(Dataset records)
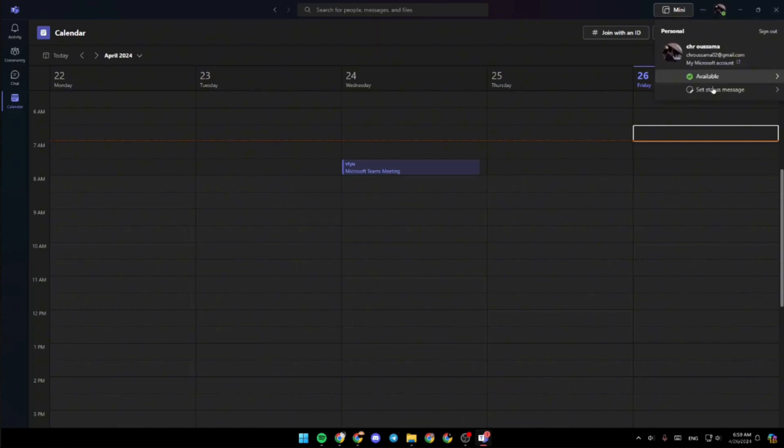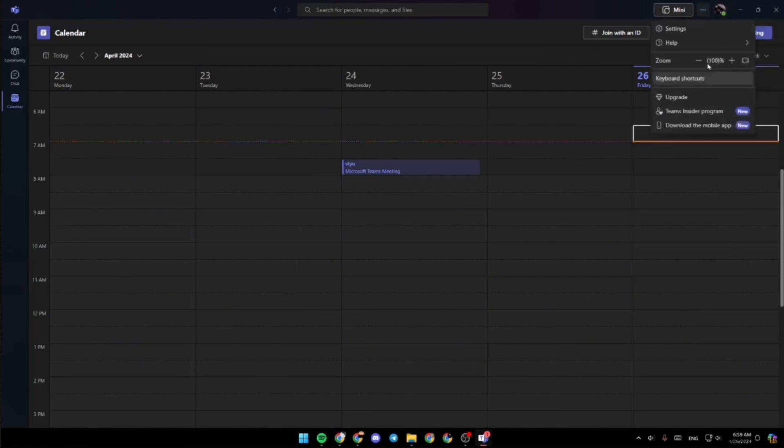If you click on these three dots you will find more menus or options such as settings, help, zoom, keyboard shortcuts and many more. So in here you have to go ahead and move into settings.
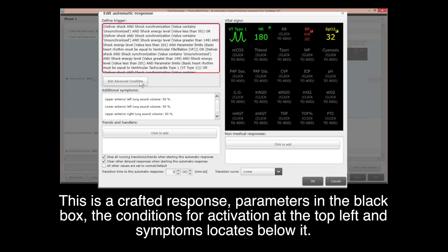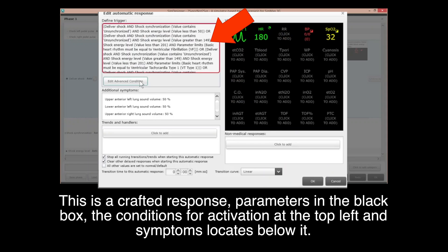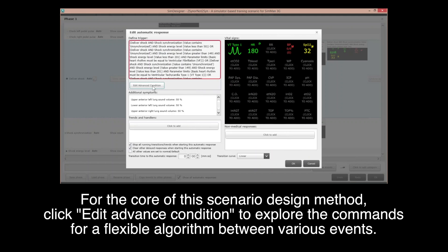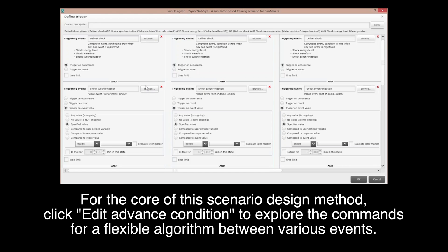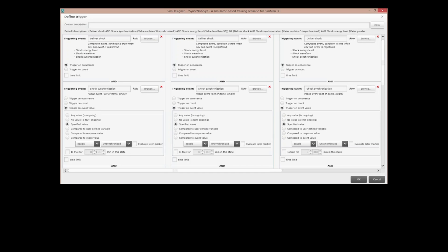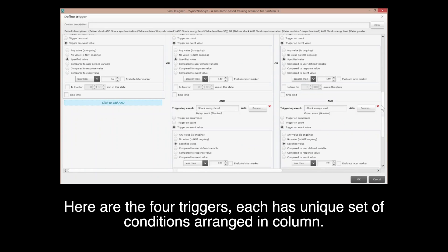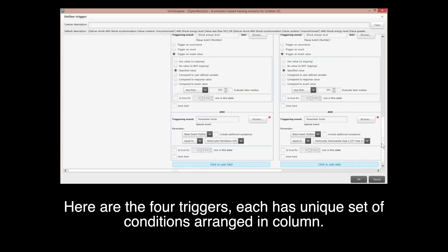This crafted response shows parameters in the black box, coordination of activations at the top left, and symptoms located below. Click Edit Advanced Conditions to explore the commands for a flexible algorithm between various events. Here are the 4 triggers, each with a unique set of conditions arranged in a column.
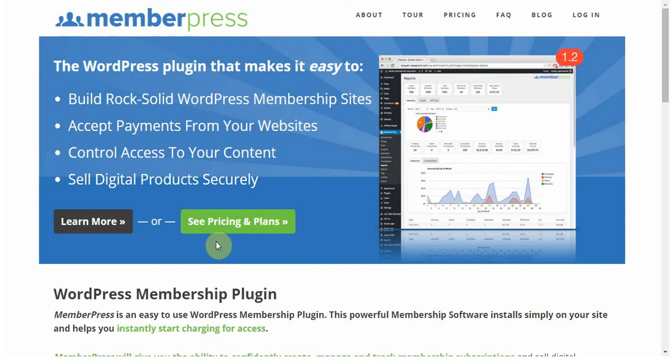It allows you to accept payments, control access to content, it helps you sell digital products and e-books, and basically anything else where you need to have a sign-up form to access content.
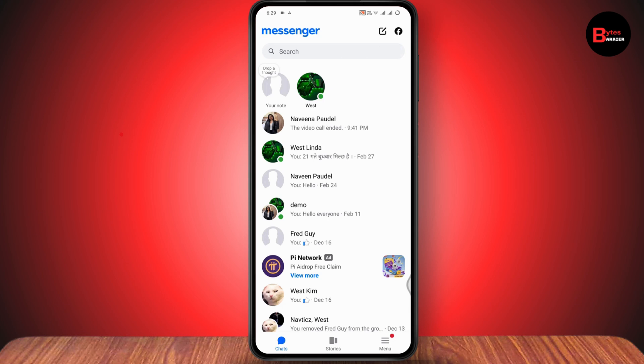If you don't want to use Messenger, there is no direct option to deactivate Messenger without deactivating Facebook. Instead, what you can do is simply uninstall your Messenger app. After uninstalling, you can still use your Facebook application without the Messenger.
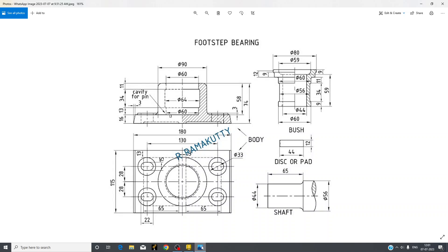We are going to make footstep bearing, its parts, and then we will do assembly of it. First thing that we need to do with any drawing is we need to go and study the drawing.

* What you are asked to do *
Restate the entries verbatim and exclude any pictures.

* Exercise response *
If you click on these three dots you will find more menus or options such as settings, help, zoom, keyboard shortcuts and many more. So in here you have to go ahead and move into settings.
This crafted response shows parameters in the black box, coordination of activations at the top left, and symptoms located below. Click Edit Advanced Conditions to explore the commands for a flexible algorithm between various events. Here are the 4 triggers, each with a unique set of conditions arranged in a column.
It allows you to accept payments, control access to content, it helps you sell digital products and e-books, and basically anything else where you need to have a sign-up form to access content.
If you don't want to use Messenger, there is no direct option to deactivate Messenger without deactivating Facebook. Instead, what you can do is simply uninstall your Messenger app. After uninstalling, you can still use your Facebook application without the Messenger.
We are going to make footstep bearing, its parts, and then we will do assembly of it. First thing that we need to do with any drawing is we need to go and study the drawing.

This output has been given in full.